Weatherproofing Doors and Windows

Drafty doors and windows not only make for an uncomfortable home – especially in the winter months – but also drive up heating bills. Installing weather stripping and door sweeps are easy projects that can make a big difference.


One of the easiest fixes for a drafty door is to apply adhesive-backed foam weather stripping to the inside of the door stop as pictured above. The foam stripping is inexpensive. “Installing” the adhesive-backed strips is as easy as peeling the tape off the adhesive side of the foam and pressing the strip against the door stop. Typically this project will take less than 30 minutes per door. Make sure the foam is thick enough to seal the gap around the door.


If cold air leaks in at the bottom of the door, installing a new sweep is usually the best solution. Sweeps are available for both interior and exterior doors and come in a variety of styles. Additionally, sweeps can be installed with screws, nails or peel and stick adhesive strips. Installation with screws is typically the best and most long-lasting. Peel and stick adhesive strips typically don’t hold up to the friction of the opening and closing of the door.

Slide-on and staple-on sweeps require the door to be removed for installation. Wrap around door sweeps typically can be installed without removing the door. Be sure to drill small pilot holes for the screws for the best installation of screw-on sweeps.

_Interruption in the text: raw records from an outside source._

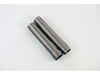 Blower Tube Assembly – Part Number: 360152003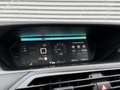 Citroen Grand C4 Picasso 1.2 PureTech Shine | Airco (automatisch) | Cruise Gris - thumbnail 8
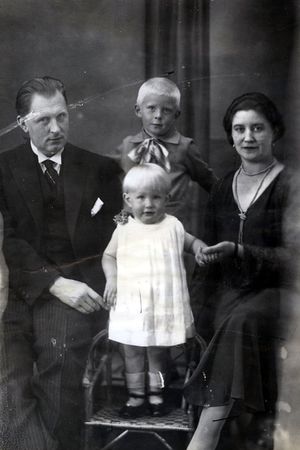 KG-mannamyndir 8210.jpg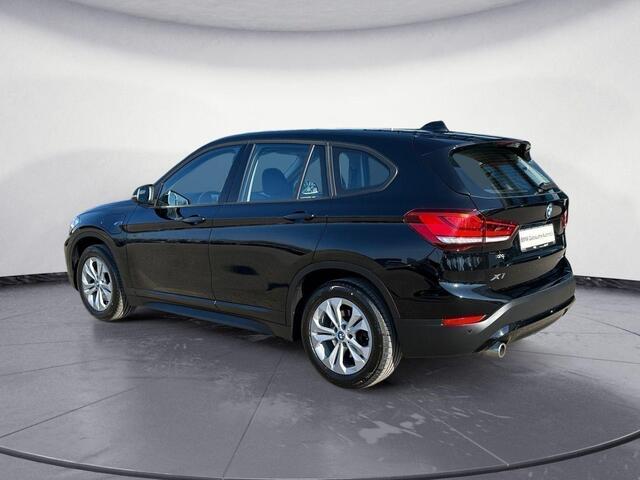 BMW X1 xDrive25e Executive LED, HIFI, Trekhaak, Navi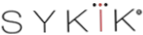 SYKIK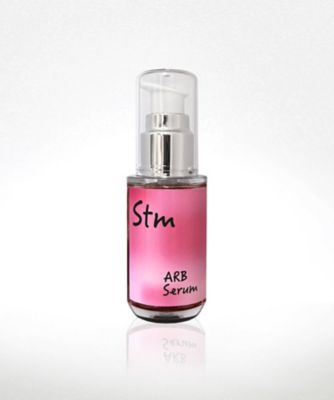 フランシラ（frantsila） ステムARBセラム 通販 | 【ISETAN BEAUTY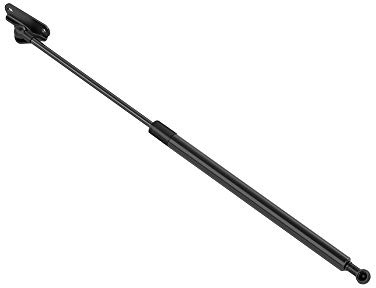 Stabilus Gasfeder Kofferraum TOYOTA Carina AT190 1992-1998 | Kompatibel mit: TOYOTA CARINA E VI Sportswagon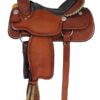https://www.horsesaddleshop.com/billy-cook-roping-saddles.html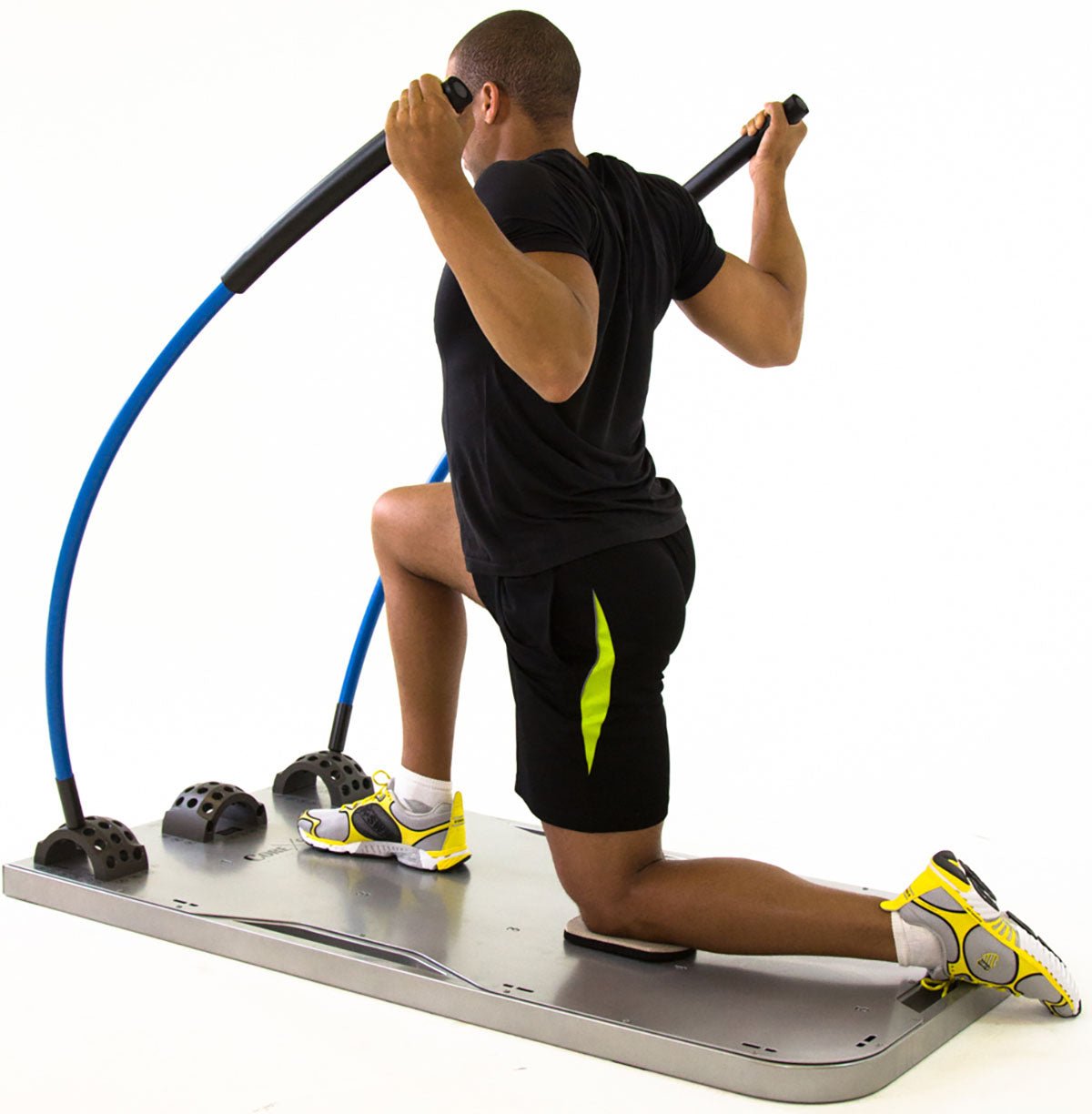 Core Stix Pro Board Ultimate Package -  product_vendor - Peak Primal Wellness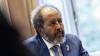 EU slaps Somalia with punitive measures after it refuses to accept non-Somali deportees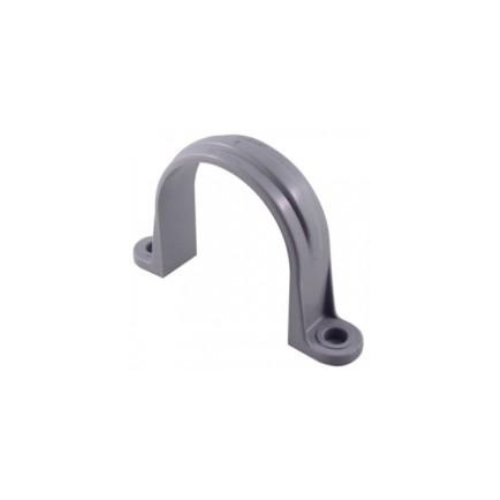 ROYAL® RPS20 2-Hole Pipe Strap, 1 in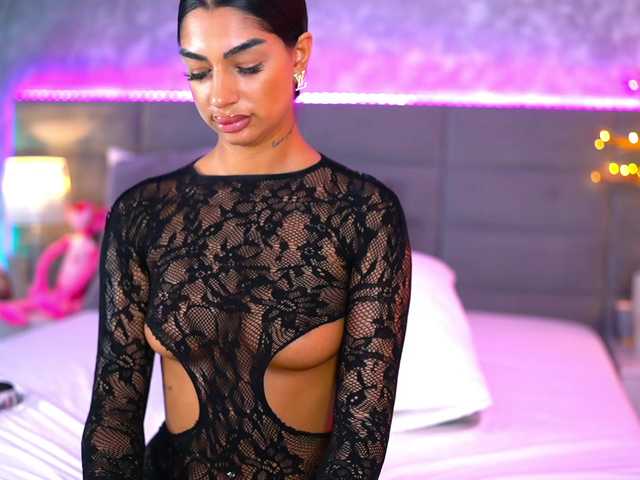 NatalieDelices preview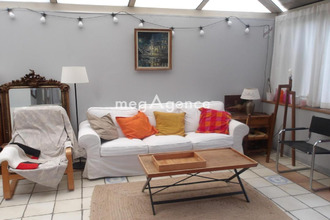  maison porcheville 78440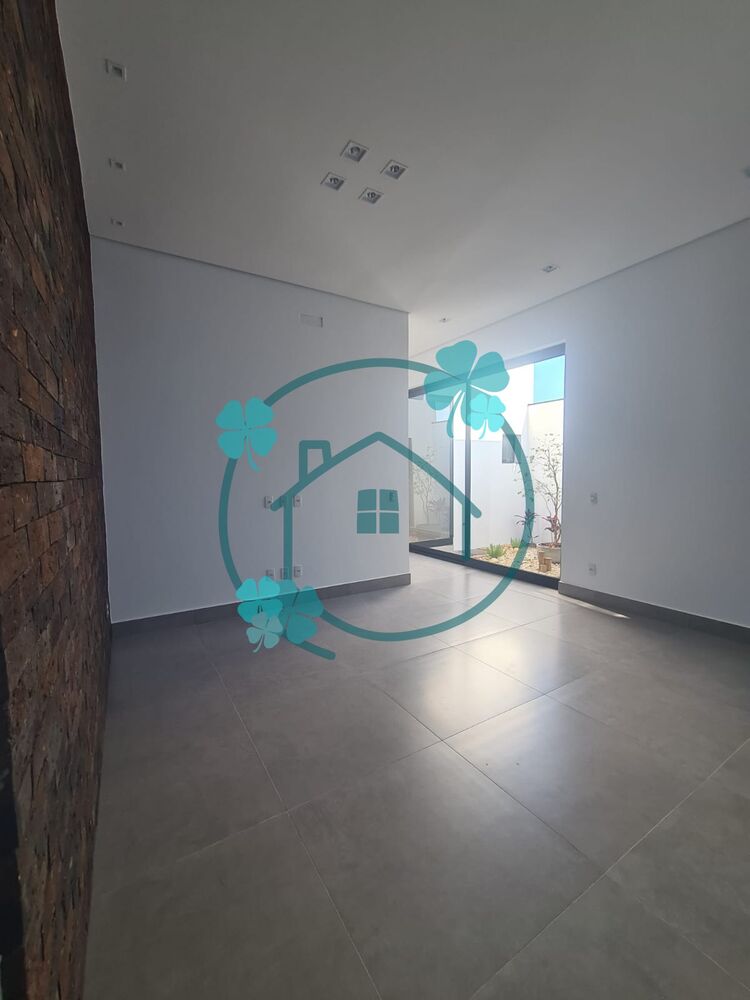 Casa à venda com 3 quartos - Foto 11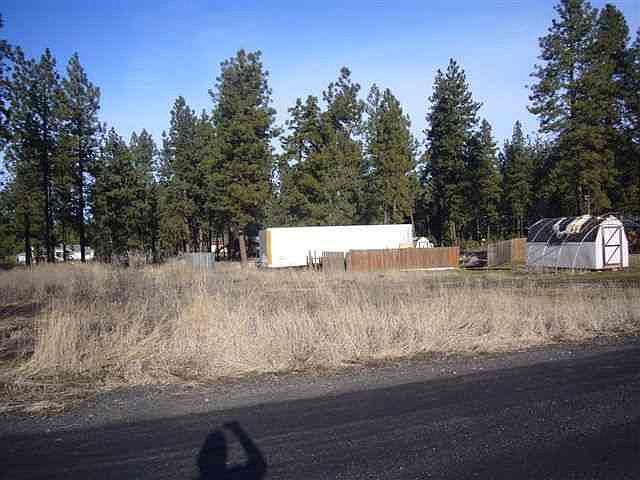 1st image of 0 W Huxley Dr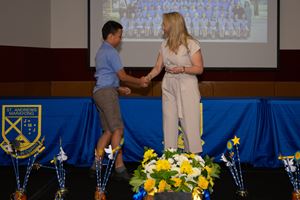 20201215-2020 Year 6 Graduation_IMG_4823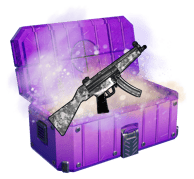 Savage Protocol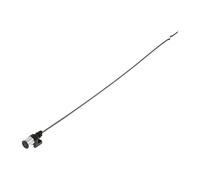 Transmission Dipstick Tool Kit Car Transmission Oil Dipstick Engine Fluid Dipstic Measurement Tool Kit 31086-JA00A Compatible With Nissan
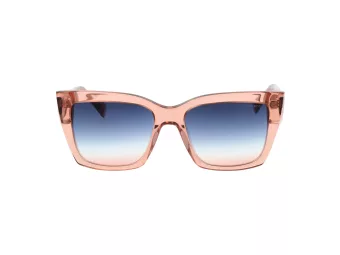 Ana Hickmann Zonnebril HI 9222 T02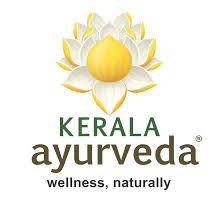 Brand Awareness and Lead Generation for Ayurveda Benefits & Spa
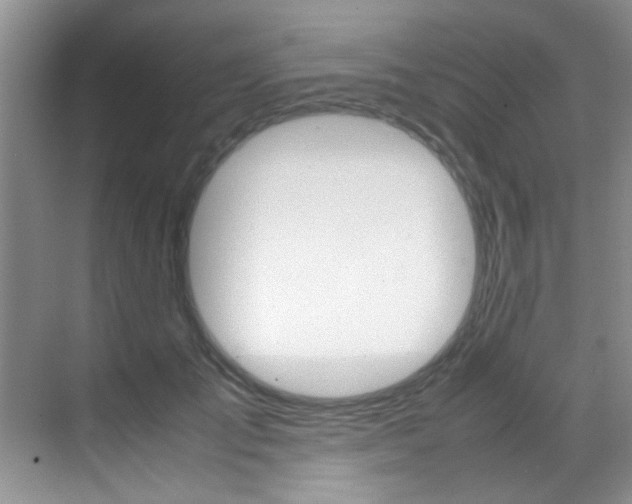 X0000070410701200606090956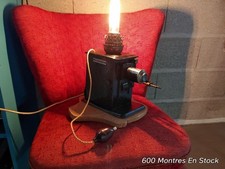 Vidéoprojecteur cinéma vinta d'occasion  La Ferté-sous-Jouarre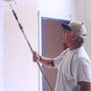 Painting and Staining — Grand Ledge, MI — TL Hart Painting and Staining — Grand Ledge, MI — TL Hart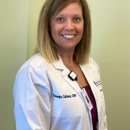 Cassandra Nicole Calloway, FNP-C - Nurses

Snap-on or pressure fit sweeps will generally hold up longer than those installed with peel and stick strips but not as long as sweeps stapled, nailed or screwed to the door.

Be sure to purchase a sweep with sweeps that are long enough, but not too long, for your door’s gap.

If you’re on a really tight budget, a rolled up blanket or towel can help block under-door drafts.

There are even more types of weather stripping for windows than there are for doors – in part because there are so many different types of windows. A relatively recent development that works in most applications is removable caulk. Sometimes called “rope caulk,” this product can be easily installed in or on virtually any clean surface. Once the weather warms up, and you want to open the window, simply peel away the rope caulk and toss it in the trash.


In addition to the typical, easy-to-see areas, a window might also be leaking air from behind the trim. Most window installers utilize an expanding foam product to insulate around the outside edges of a window before the window is trimmed out. Depending on the installer, however, this doesn’t always happen.


The expanding foam around the window pictured above is yellow and has been properly installed. You’ll need to pull off a trim board to determine if your window installer utilized expanding foam. To remove a trim piece, pry the board carefully with a thin pry bar. You may also want to place a four-inch square piece of 1/8″ or 1/4″ plywood under the fulcrum of the pry bar to avoid damaging your drywall. Start at one end of the trim board and carefully work your way toward the other end.

If you’ve tried all of these methods and still feel cold air around your windows, it may be the windows themselves. Older windows and lower quality windows simply don’t have the same insulating abilities as newer, higher quality windows. Although a window replacement project isn’t inexpensive, the savings on your heating bill and the additional comfort in your home can certainly justify the cost.